That is a sordid tragedy in itself where we have witnessed the barbarians enter our gates and loot and plunder, kill and rape the innocents in our community much to the chagrin of all Tamil people as well as the international community. There is now talk of intervention, mediation and arbitration. Alas! All this seams a little late. We do not know and we cannot predict the future. Tamil nationalism has come to stay and has appeared on the scene as a reactivated and burgeoning force. The scars of the horrendous war that the Sinhala Buddhist State has waged against us will remain a festering sore.

Before I interpret to you the events of 1947 to 1997, there are two burning questions to which try to find answers. Firstly, is the continuing Sinhala-Tamil conflict a failure of political will on the part of the Sinhala politicalised class to implement the solemn undertakings of their leaderships? Secondly, were we witnesses to the ugly face of Sinhala nationalism? In other words, a surge to political hegemonism by the Sinhala political elite who had suddenly been blessed with the bonanza of sovereign independence with no checks or balances attached to the conditions of the transfer of power by Britain in 1948?

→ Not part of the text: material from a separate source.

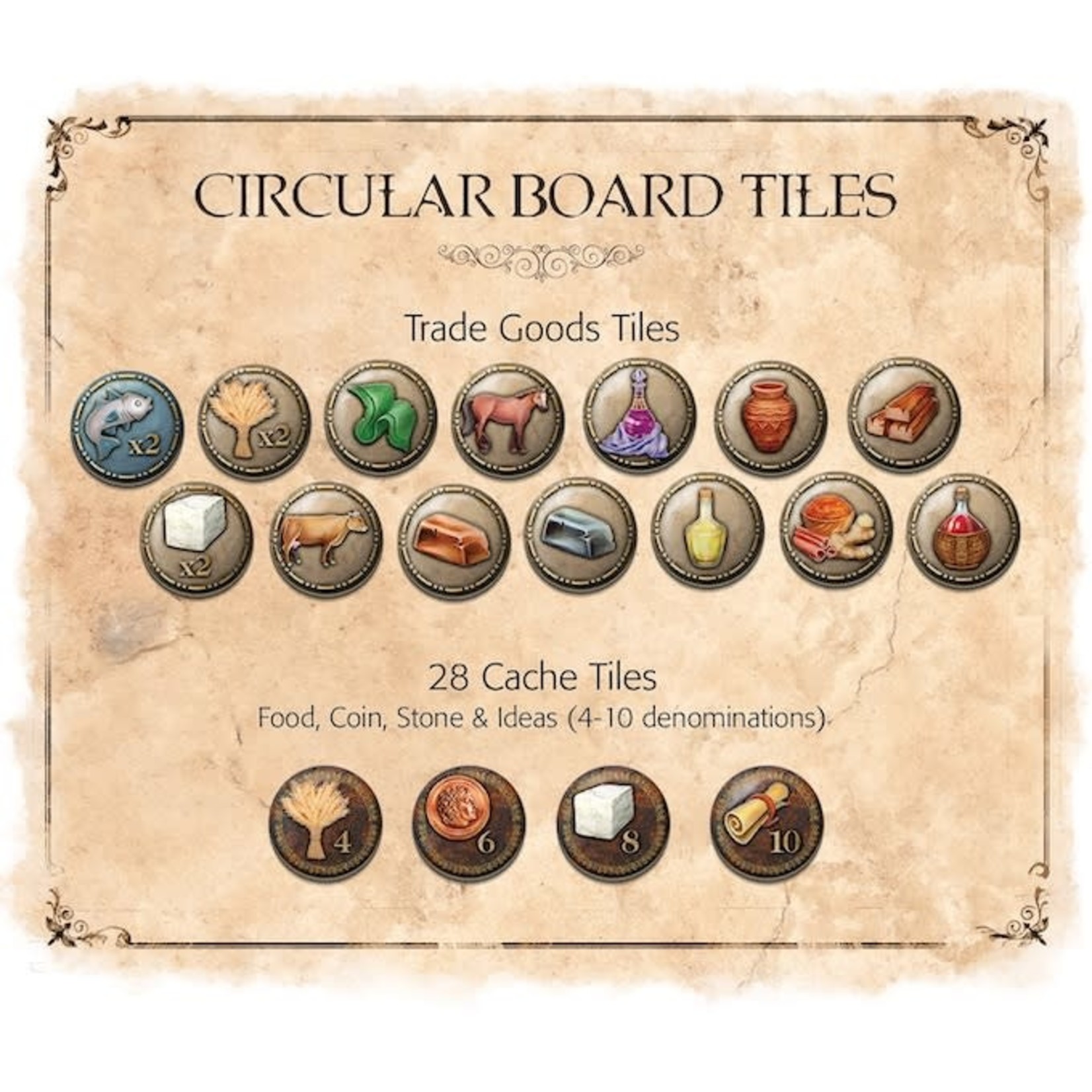 Mosaic: A Story of Civilization (Colossus Edition)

To the first question, it is now almost universally admitted that the Sinhala politicalised class sought an explanation to the woes and grievances of their less fortunate countrymen. In this way, this class hoped to avoid the wrath of the barbarians by pointing to a scapegoat ready at hand, namely, the Tamils. The Citizenship Acts were surrender by the low country degenerates to upcountry upstarts. Thus the Sinhala Only Act of 1956 was designed to give hope to ascendant unemployable GCE - O’ level Sinhala candidates and unemployed graduates.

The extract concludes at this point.